Task brief =>
Look through the data below for the line with "Cree Spectrum" and the line with "Erzurum ve Tunceli'de", then output those two and all lines in between, exactly as written.

Data excerpts =>
----
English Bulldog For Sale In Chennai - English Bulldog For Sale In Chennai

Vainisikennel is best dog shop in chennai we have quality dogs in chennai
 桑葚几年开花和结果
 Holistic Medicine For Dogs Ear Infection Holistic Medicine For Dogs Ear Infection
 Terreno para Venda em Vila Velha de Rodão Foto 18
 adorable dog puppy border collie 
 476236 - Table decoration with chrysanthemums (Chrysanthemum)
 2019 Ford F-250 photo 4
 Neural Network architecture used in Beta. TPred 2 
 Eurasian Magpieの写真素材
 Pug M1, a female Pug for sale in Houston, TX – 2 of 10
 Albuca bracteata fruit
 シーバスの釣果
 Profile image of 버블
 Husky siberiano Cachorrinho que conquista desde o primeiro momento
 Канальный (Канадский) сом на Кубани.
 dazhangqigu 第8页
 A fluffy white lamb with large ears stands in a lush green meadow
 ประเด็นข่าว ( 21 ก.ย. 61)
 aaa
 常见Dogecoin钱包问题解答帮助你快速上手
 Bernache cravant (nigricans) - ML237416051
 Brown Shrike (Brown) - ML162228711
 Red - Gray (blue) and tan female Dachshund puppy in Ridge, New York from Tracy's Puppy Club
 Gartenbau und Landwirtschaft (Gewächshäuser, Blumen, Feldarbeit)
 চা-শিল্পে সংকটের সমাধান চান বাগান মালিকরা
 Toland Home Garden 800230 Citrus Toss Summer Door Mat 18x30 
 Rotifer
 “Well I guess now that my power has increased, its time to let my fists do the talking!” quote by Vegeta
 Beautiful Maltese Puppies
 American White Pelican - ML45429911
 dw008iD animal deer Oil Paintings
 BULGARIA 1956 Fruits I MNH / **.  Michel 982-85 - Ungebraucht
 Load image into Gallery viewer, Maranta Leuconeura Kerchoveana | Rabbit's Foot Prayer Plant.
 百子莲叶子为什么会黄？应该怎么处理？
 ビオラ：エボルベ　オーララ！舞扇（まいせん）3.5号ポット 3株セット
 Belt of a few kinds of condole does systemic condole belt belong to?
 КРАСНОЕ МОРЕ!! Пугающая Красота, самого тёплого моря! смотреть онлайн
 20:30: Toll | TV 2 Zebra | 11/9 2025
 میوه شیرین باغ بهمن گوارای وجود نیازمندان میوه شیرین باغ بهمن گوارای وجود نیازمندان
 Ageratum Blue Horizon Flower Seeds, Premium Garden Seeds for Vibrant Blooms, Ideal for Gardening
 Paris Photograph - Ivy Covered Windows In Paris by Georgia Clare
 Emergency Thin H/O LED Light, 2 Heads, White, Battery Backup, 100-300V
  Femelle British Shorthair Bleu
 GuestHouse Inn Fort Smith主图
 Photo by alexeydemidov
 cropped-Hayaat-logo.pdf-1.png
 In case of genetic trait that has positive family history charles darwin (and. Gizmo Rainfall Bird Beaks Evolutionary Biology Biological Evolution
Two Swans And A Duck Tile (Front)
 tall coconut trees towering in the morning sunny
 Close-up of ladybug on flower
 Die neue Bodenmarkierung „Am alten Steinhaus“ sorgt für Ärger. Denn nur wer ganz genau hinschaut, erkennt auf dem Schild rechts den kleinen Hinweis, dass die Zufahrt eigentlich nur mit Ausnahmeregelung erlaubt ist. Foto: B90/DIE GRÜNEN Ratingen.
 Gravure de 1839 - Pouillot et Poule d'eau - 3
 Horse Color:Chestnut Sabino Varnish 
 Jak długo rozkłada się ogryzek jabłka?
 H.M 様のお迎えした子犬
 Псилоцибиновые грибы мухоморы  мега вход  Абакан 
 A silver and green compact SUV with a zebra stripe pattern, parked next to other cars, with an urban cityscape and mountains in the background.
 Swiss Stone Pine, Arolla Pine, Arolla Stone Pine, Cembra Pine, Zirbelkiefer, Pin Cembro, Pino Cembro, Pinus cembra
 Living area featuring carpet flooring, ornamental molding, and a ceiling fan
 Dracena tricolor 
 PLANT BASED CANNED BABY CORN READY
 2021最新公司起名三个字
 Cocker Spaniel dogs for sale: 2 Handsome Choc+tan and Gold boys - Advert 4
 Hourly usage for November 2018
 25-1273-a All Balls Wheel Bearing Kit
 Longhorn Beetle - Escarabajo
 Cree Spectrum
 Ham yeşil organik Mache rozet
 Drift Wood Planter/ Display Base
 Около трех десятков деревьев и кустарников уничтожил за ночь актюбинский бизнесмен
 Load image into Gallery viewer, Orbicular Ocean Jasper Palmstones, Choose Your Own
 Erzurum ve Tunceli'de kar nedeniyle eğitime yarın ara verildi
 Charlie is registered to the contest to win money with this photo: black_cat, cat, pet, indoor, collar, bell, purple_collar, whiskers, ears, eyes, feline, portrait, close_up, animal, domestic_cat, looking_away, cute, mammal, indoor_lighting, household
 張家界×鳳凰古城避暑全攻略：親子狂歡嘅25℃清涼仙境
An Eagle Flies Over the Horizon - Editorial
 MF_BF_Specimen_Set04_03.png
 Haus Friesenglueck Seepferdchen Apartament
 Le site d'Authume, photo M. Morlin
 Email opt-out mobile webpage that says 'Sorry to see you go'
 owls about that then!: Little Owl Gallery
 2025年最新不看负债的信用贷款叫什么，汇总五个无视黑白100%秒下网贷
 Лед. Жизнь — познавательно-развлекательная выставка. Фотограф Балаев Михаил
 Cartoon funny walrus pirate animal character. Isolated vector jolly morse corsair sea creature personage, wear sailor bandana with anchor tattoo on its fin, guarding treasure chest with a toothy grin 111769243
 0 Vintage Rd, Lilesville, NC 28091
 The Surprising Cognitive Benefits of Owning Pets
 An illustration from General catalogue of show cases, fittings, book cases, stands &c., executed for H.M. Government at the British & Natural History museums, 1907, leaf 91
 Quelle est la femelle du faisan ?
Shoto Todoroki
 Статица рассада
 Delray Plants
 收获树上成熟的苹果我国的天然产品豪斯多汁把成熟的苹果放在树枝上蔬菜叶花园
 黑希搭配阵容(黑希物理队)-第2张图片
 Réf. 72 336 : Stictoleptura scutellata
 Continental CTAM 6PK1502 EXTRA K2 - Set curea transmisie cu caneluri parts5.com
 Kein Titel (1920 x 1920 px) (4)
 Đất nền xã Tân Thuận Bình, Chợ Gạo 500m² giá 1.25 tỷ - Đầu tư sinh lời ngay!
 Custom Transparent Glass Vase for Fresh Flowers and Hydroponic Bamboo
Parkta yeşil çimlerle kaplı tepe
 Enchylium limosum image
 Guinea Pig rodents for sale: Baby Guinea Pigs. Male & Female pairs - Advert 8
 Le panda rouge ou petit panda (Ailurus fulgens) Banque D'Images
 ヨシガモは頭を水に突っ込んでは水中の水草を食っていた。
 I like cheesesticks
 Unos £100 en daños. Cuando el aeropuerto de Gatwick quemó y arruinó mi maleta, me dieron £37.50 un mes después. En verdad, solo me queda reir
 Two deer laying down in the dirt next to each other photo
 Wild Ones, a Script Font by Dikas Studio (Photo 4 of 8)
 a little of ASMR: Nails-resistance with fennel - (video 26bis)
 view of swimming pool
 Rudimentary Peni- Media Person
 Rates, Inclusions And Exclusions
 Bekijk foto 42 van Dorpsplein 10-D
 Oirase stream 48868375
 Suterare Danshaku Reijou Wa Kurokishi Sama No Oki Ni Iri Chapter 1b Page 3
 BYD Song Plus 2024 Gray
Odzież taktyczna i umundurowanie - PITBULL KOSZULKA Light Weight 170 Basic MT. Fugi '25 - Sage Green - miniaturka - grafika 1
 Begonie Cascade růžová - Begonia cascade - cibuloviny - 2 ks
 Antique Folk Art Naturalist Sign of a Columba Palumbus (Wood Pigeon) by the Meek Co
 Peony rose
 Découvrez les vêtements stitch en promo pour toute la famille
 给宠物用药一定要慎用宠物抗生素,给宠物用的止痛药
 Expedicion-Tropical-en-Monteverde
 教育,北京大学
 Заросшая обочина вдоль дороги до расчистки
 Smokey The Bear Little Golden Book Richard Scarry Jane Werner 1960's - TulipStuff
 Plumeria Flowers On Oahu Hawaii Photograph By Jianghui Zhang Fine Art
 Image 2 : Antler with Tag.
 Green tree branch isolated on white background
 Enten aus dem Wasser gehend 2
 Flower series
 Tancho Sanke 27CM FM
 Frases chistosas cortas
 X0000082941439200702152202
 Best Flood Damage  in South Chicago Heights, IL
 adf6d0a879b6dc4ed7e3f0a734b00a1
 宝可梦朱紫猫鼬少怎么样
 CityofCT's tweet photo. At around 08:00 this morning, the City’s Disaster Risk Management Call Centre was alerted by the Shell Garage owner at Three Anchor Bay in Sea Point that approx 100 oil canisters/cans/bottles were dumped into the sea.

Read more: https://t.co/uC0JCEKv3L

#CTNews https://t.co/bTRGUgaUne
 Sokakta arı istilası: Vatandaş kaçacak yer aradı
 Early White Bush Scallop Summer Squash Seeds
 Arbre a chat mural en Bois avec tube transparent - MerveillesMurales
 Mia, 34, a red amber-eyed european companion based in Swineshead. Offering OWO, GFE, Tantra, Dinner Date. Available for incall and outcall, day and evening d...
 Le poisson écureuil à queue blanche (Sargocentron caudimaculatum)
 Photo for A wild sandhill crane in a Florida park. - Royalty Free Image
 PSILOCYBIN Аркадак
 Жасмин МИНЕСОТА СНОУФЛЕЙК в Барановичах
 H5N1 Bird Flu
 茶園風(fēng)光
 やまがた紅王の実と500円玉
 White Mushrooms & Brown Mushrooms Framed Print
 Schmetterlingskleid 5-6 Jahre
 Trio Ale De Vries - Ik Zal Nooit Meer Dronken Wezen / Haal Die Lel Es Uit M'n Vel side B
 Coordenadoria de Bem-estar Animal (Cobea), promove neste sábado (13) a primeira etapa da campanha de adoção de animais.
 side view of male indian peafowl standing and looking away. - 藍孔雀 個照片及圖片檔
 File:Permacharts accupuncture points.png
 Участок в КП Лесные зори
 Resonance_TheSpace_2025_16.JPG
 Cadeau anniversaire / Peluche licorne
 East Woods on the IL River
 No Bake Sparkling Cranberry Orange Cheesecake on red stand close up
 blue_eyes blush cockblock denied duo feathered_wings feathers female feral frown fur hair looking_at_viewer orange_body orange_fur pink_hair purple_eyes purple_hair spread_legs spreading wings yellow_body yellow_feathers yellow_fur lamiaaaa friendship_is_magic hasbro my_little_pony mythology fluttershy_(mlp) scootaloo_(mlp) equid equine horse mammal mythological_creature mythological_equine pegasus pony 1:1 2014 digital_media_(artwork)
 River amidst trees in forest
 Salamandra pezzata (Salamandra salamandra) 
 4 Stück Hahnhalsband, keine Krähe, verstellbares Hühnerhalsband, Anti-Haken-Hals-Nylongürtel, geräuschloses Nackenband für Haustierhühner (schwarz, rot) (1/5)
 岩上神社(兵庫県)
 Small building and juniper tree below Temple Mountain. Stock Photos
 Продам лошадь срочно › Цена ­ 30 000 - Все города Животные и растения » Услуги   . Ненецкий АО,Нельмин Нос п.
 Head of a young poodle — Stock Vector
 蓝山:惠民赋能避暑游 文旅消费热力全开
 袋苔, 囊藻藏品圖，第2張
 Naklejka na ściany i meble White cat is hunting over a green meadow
----
Answer area =>
 Cree Spectrum
 Ham yeşil organik Mache rozet
 Drift Wood Planter/ Display Base
 Около трех десятков деревьев и кустарников уничтожил за ночь актюбинский бизнесмен
 Load image into Gallery viewer, Orbicular Ocean Jasper Palmstones, Choose Your Own
 Erzurum ve Tunceli'de kar nedeniyle eğitime yarın ara verildi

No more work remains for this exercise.